[Dataset items]
··········
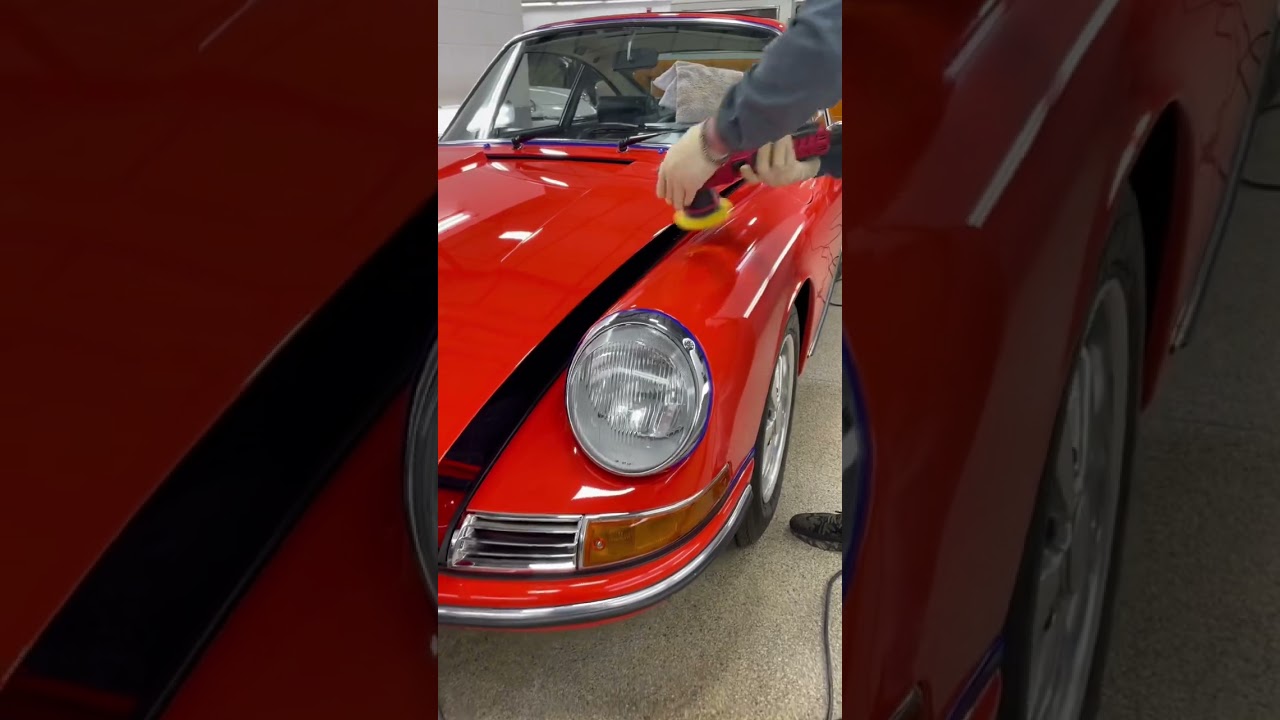 Foam Polishing the 1968 Porsche 911L in Tangerine
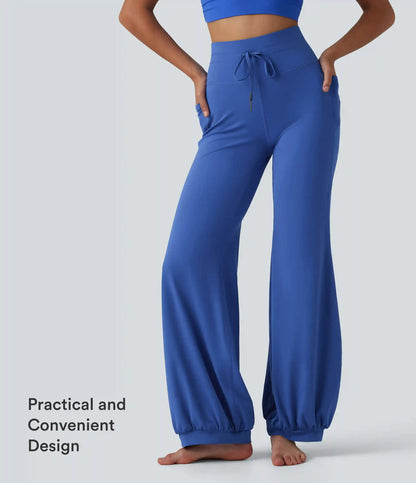 SoftlyZero™ High Waisted Drawstring Dance Balloon Pants with Pockets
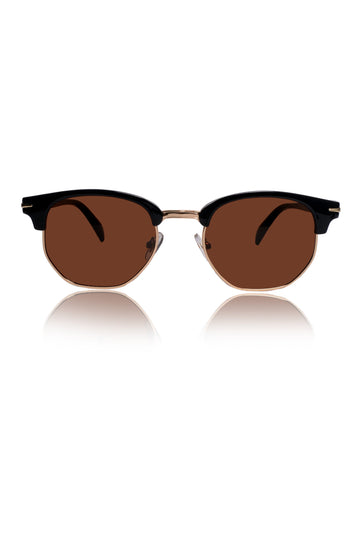 Legacy Clubmaster Sunglasses – UV400 Polarized (Brown)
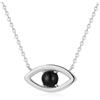 COAI Collana da Donna in Argento con Ciondolo Occhio Turco in Onice Nero, Collana con Ciondolo Malocchio Portafortuna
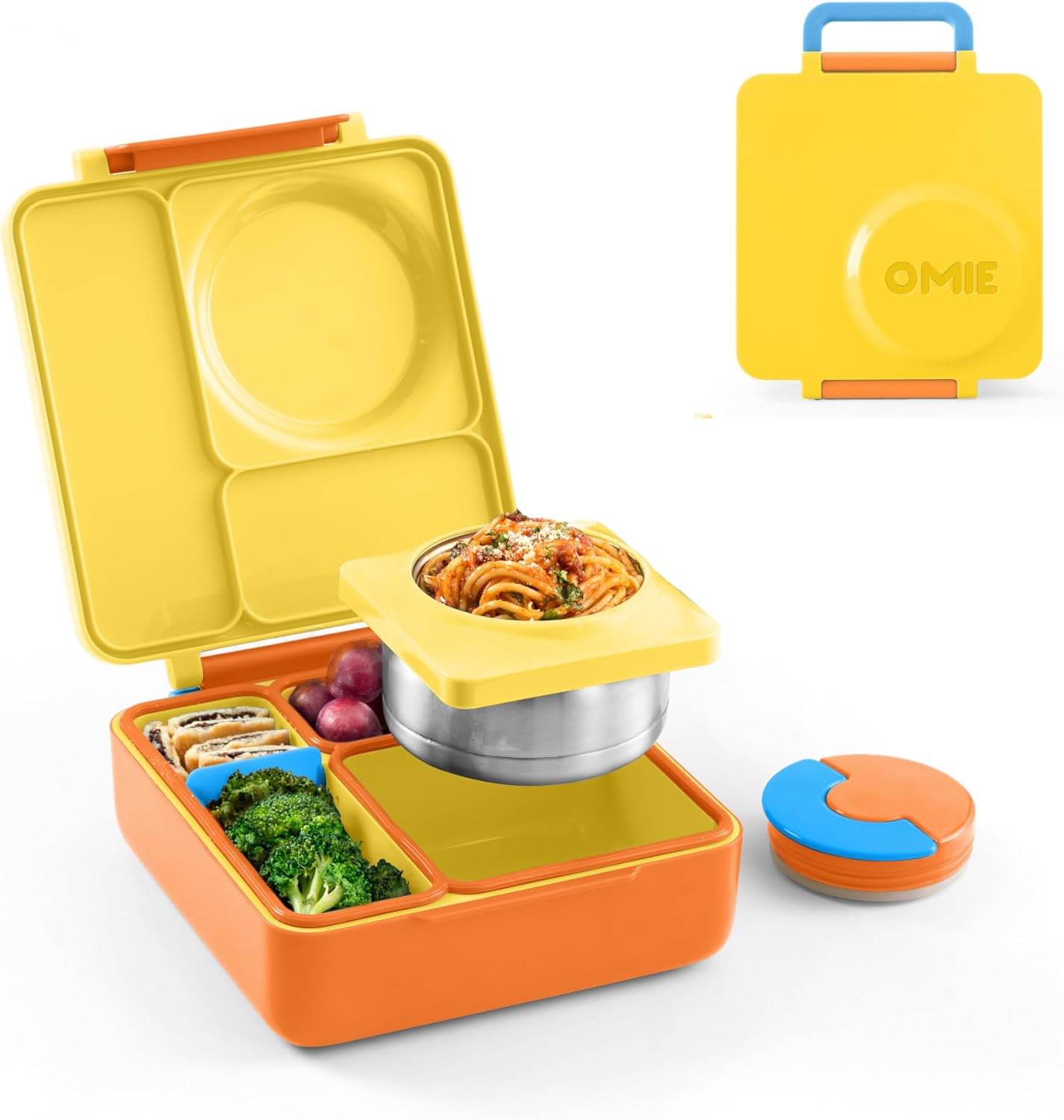 Omie 66FC09 OmieBox Kids Bento Lunch Box, Plastic, Sunshine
··········
Return only the lines from the one containing "Legacy Clubmaster Sunglasses" through the last line of the entries above, exactly as written and without pictures.

 Legacy Clubmaster Sunglasses – UV400 Polarized (Brown)
 COAI Collana da Donna in Argento con Ciondolo Occhio Turco in Onice Nero, Collana con Ciondolo Malocchio Portafortuna
 Omie 66FC09 OmieBox Kids Bento Lunch Box, Plastic, Sunshine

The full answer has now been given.